The Fitch analysts, Anne Triceri and Scott Monroe, explain the key rating drivers of these projects, which have risk factors beyond those of standard toll roads. One success factor is their unique debt structure, such as large reserve accounts and the flexibility provided by TIFIA loans (which can operate as interest-only during downturns). In the Texas projects, because those express toll lanes allow trucks, that additional traffic provided large revenue boosts during months when commuters were few and far between.
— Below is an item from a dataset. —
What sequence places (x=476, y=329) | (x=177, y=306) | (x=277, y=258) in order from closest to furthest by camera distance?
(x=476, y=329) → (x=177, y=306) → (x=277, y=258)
Thinking back over the 26 years since the SR-91 express lanes opened to traffic, all the naysaying has been falsified—at least for express toll lanes that are financed based on their toll revenues and which therefore had to pass a market test in order to be financed and built. Among the concerns raised—and now answered—are these:
Claim: Hardly anyone would pay high toll rates to avoid congestion.
Fact: Millions of people welcome the chance to pay, whenever they deem the value of the time savings and reliable trip time is worth more to them than the cost of the toll.
Claim: Too many people will crowd into the lanes, so they won’t reduce congestion.
Fact: Variable pricing works; nearly all these facilities meet federal performance standards of at least 45 miles per hour travel speeds during peak periods (except where bottlenecks exist, as on I-95 northbound in Miami and I-405 northbound in the Seattle metro area).
Claim: Who would be foolish enough to invest in such risky projects?
Fact: Global toll road companies, infrastructure investment funds and buyers of revenue bonds have readily invested in these projects and are doing well.
Claim: Long-term public-private partnership projects are a scam, intended to go bankrupt and leave taxpayers holding the bag. (I kid you not: this claim was made in a 2014 cover story in The Weekly Standard.)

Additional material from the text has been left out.